# DATASET EXCERPT
+ + + + +

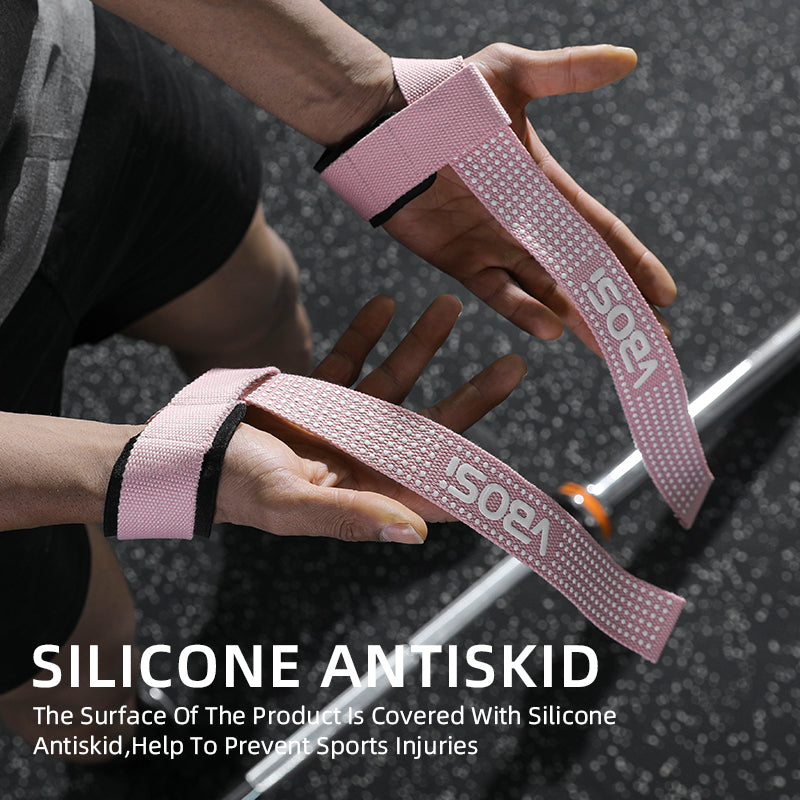 VBOSi Wrist Support Wraps for Strength Training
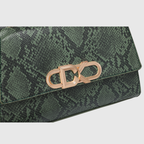 INFINITY CLASSIC SATCHEL BAG - Diana Korr 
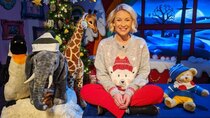 CBeebies Bedtime Stories - Episode 59 - Joanna Page - Snow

+ + + + +

# ACTION ITEM
Please reproduce the whole listing exactly; the pictures stay out.

# RESPONSE TO THE EXERCISE
 VBOSi Wrist Support Wraps for Strength Training
 INFINITY CLASSIC SATCHEL BAG - Diana Korr 
 CBeebies Bedtime Stories - Episode 59 - Joanna Page - Snow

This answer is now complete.